Но почему?.. Почему она относилась ко мне именно так?! Почему не убила вместе с Ёске и Мегу, когда я отказался стать частью её семьи?!
– Спасибо, Шин, – промолвила Хитоми, чуть отдышавшись, и на губах её вновь расцвела всё та же сдирающая плоть с каркаса разума улыбка. – На тебя всегда можно положиться.
Девушка заулыбалась, а из-под кожаной заплатки на её глазу показалась робкая капелька крови. Оставив контрастный след на белой щеке, она прокатилась до самого подбородка и капнула вниз, на ткань дорогого кимоно.
Где-то вдалеке – очевидно, со стороны приближающегося лесного пожара – начали один за другим раздаваться громкие хлопающие звуки.
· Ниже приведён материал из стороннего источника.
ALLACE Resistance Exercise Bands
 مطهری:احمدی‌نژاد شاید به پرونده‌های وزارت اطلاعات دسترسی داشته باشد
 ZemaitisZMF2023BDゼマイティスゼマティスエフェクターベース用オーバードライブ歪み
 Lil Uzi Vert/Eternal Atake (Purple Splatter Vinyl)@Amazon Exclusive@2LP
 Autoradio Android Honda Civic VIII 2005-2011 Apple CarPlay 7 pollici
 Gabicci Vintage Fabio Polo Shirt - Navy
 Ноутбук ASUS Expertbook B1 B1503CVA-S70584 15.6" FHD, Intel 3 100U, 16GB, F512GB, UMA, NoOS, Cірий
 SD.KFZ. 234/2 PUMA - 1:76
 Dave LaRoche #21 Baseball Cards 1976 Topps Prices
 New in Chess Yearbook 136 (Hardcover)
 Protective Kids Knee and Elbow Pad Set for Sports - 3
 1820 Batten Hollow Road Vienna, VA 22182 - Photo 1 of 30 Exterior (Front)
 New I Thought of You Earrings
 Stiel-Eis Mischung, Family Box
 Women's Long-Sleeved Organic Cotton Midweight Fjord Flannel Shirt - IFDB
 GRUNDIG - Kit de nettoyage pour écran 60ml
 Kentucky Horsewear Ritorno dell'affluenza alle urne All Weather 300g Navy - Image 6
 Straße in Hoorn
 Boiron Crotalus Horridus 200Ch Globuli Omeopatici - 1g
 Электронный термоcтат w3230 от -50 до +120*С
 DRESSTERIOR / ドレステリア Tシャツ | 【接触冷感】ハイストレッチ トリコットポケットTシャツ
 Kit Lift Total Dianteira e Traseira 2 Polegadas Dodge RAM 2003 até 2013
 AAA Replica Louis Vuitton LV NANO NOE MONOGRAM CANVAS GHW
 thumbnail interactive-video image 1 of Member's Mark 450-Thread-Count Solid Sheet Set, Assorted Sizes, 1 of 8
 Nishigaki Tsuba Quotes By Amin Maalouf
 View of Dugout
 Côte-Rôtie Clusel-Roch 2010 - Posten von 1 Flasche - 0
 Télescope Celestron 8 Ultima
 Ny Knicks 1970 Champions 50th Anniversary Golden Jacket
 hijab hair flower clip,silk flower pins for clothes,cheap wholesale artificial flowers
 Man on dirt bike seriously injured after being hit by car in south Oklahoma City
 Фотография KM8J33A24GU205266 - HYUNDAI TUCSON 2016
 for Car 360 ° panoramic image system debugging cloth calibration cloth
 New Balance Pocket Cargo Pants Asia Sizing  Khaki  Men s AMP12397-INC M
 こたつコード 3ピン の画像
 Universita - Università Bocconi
Как будто бы много-много шаловливых детей взялись надувать сотни картонных упаковок для сока – и одновременно лопать их ударами ног… Конечно же, люди Великого Дома пробовали использовать взрывпакеты – бились с огнём его же оружием, но… даже я понимал, что всего городского арсенала подобных средств едва ли могло бы хватить для борьбы с пожаром такой силы, а о скудных деревенских запасах не стоило даже говорить.
– Огонь придёт, – процедил я сквозь зубы, надеясь хоть чем-то пробить маску спокойствия Хитоми.
– Нет, – девушка посмотрела на меня с удивлением. – Нет, Шин, не придёт. Я отправила больше сотни человек на борьбу с ним…
– Этого недостаточно!.. Они не справятся…
– Я дала им приказ, – Хитоми нахмурилась, и по щеке её пробежала ещё одна кровавая слеза. – А значит, они обязаны защитить нас от огня.
Для неё больше не существовало ничего, кроме обязательств… Ничего – ни возможностей, ни шансов, ни логики. Только задачи. Только прямые решения. Как у древнего механизма. И, что внушало куда больший ужас, Хитоми обрела счастье, потеряв причину для беспокойств. Она улыбалась мне, говорила с теплом и мягкостью, которых никогда бы не позволила себе прежде… Радовалась жизни, принимая её как есть, пусть и с явными оговорками – так, как ей самой было удобно… Это было блаженное счастье без причин и поводов – то, к чему она подсознательно стремилась, но никогда не смогла бы воплотить в жизнь только своими силами…
– А кто… отнял твой глаз? – спросил я, просто чтобы заглушить отзвуки взрывпакетов в своей голове.
– Первосвященник, – сразу же отозвалась Хитоми, проводя меня за собой по внутренним покоям главного здания.
Как я и опасался, она покинула свои апартаменты в гостевом корпусе и заняла палаты своей погибшей матери – те самые, где я впервые в жизни увидел Амамию Тоно. Остановившись у большой двустворчатой двери, девушка продолжила:
– Я была эгоисткой и не понимала, как жить ради общего блага. А он… Все они показали мне всю радость… самоотверженной веры… в будущее. Которое мы строим своими руками…
Хитоми явно повторяла навязанный кем-то текст. И лицо её при этом исказилось печатью неосознанного ужаса и горя.
Значит, вот так они сломали эту сильную, жаждущую свободы девушку… Просто тыкали в неё ножами и напевали сказки о всеобщем благе, труде ради высокой цели и тому подобной патриотической требухе. Как знать, быть может, Амамия Тоно даже не была полноправной хозяйкой в этом доме – и тоже подчинялась каким-нибудь первосвященникам, которые убеждали её в правильности тех или иных решений.
– А что это за священники? – спросил я, окидывая взглядом пустые пространства хозяйского блока. – Я не видел храмов на территории поместья…
– О нет, – Хитоми замахала ладошками перед лицом, показывая всю степень ошибочности моих выводов. – Нет, это не… ты не так понял! Они не просто какие-то религиозные фанатики, вроде этих синтоистов или буддистов… Это истинно святые люди, которые защищают нашу долину от зла! И, только подумай, для этого им бывает достаточно всего одной или двух жертв!